▸ **BRIEF**: Would you please repeat, word for word, only the lines from the one holding "Почему бедные меньше доверяют политикам" through the one holding "Добровольцы убирают снег у домов ветеранов" in the material below, without the pictures?
+++ STORED DATA +++
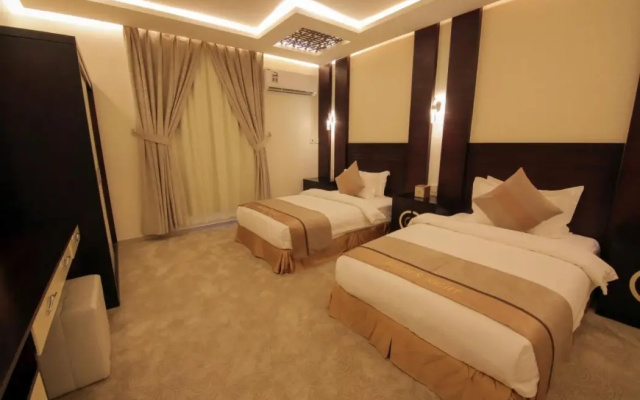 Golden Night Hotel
+++
+++ STORED DATA +++
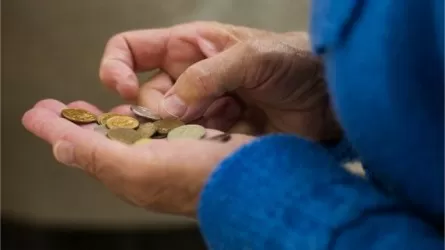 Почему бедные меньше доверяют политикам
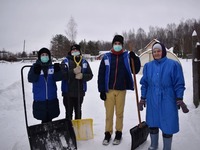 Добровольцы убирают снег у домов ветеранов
+++
▸ **SOLUTION**:
 Почему бедные меньше доверяют политикам
 Добровольцы убирают снег у домов ветеранов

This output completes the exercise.